Darse y acogerse. El amor colma de ilusión, ilumina la razón y da fuerza al corazón en ese darse y acogerse, descubriendo matices al concebir nuevos modos de ser el mejor que uno lleva adentro para el amado. Buscando en mil detalles cómo manifestar ese gran deseo de ser el mejor regalo, integrando nuestro amor trasformando la concupiscencia en benevolencia como forma de ser entre nosotros.

El impulso a la vida.
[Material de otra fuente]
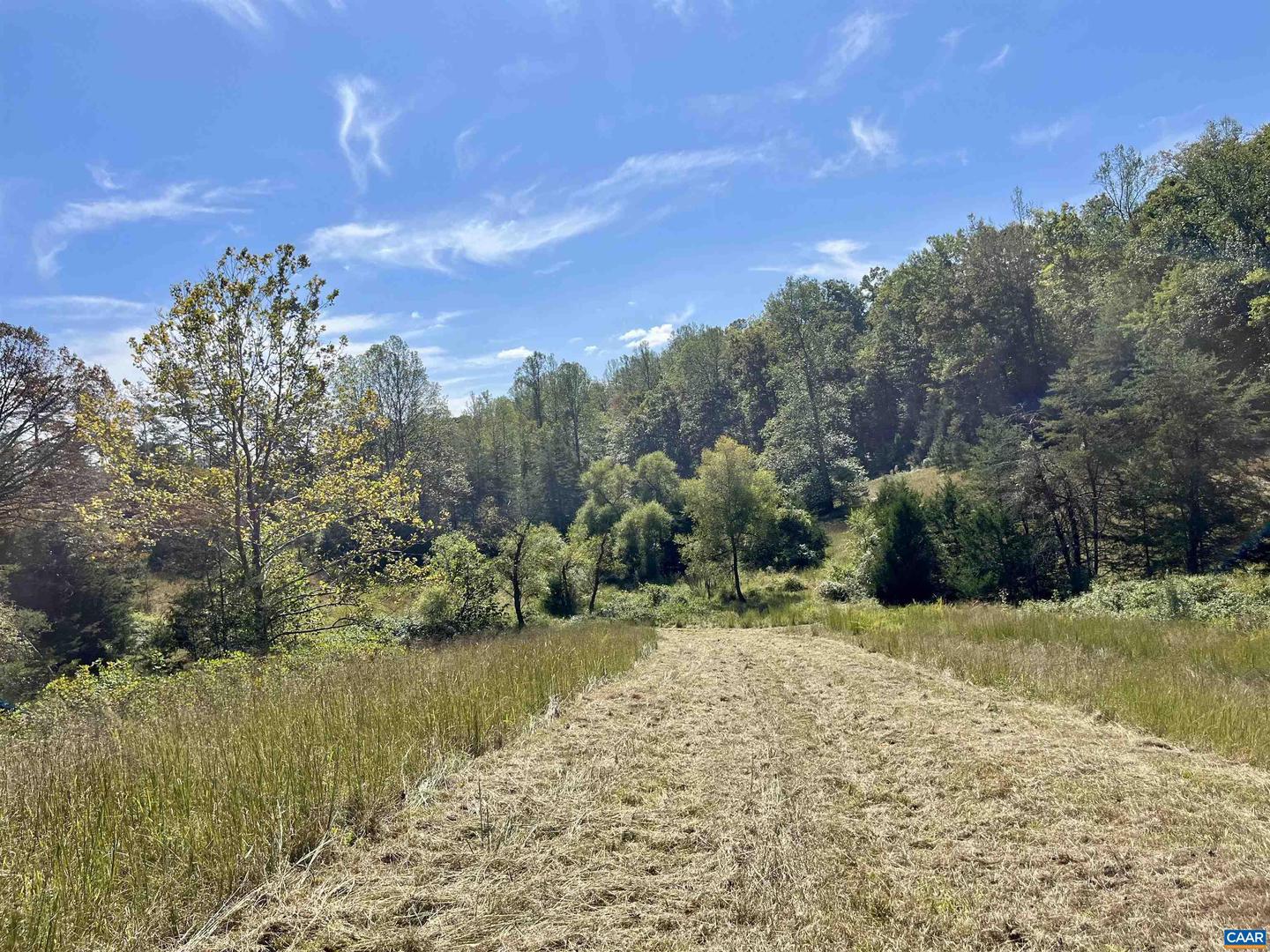 MIDWAY RD, CHARLOTTESVILLE, Virginia 22903, ,Farm,For sale,MIDWAY RD,669632 MLS # 669632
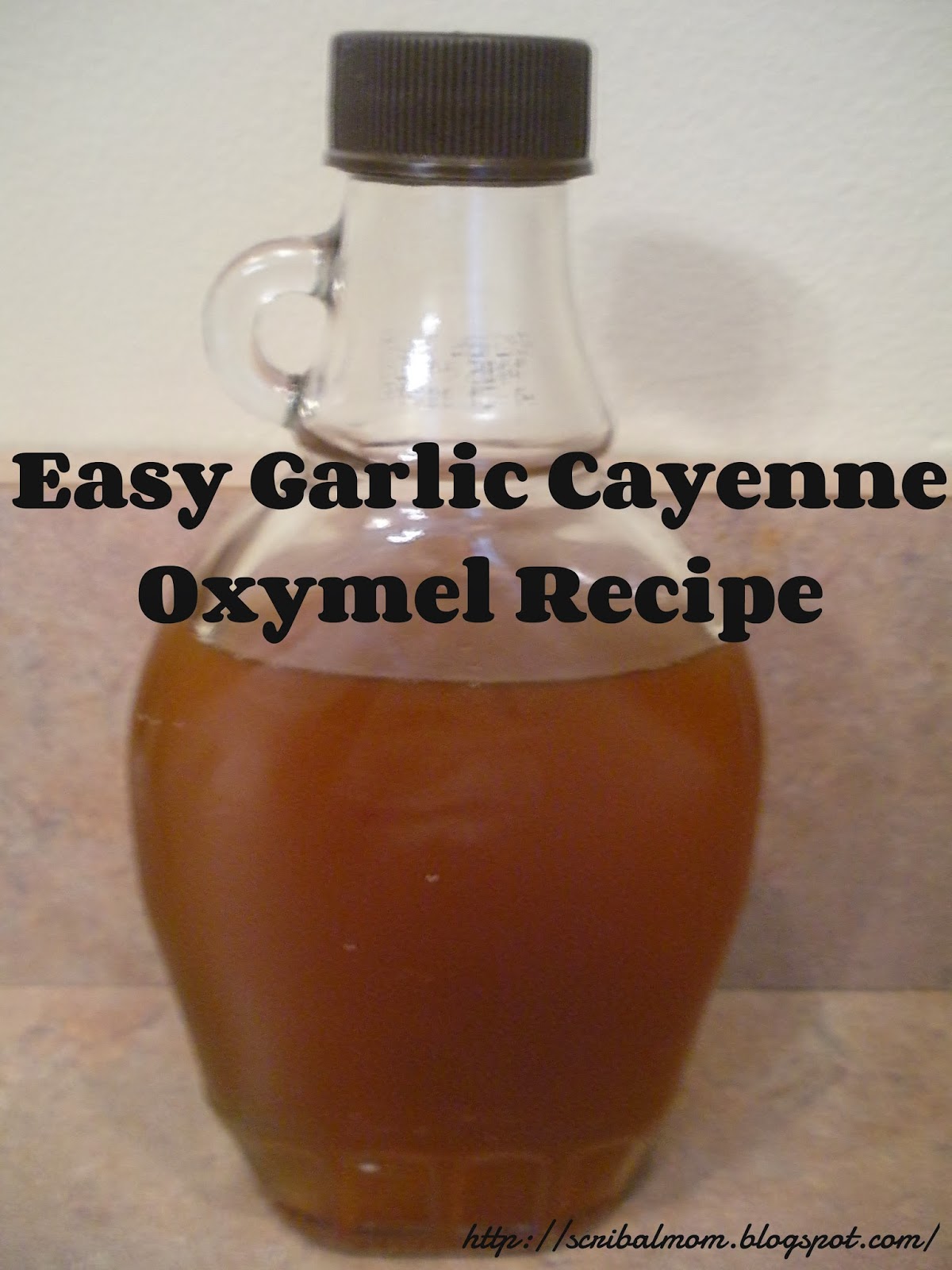 Scribal Mom Easy Garlic Cayenne Oxymel Recipe For Cold & Flu Season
Pasados los cuarenta años nos sentimos plenamente capaces de renovar y vivificar cuanto nos rodea, con la energía brotada de una fuente intima de vida distinta a cualquier otro motivo para amar la existencia, descubriendo lo nuevo en lo viejo con una luz más viva.

Hemos hablado de matrimonio.

Todas las dinámicas de la inclinación natural a la unión, no son aun la obra humana a la que invitan, y más allá de ellas, solo la persona es la que puede comprometer su naturaleza en ser unión amorosa. No es la naturaleza la que, de suyo, puede comprometer a nuestra persona en su ser, sino un expreso consentimiento de ello, de la persona “en persona”.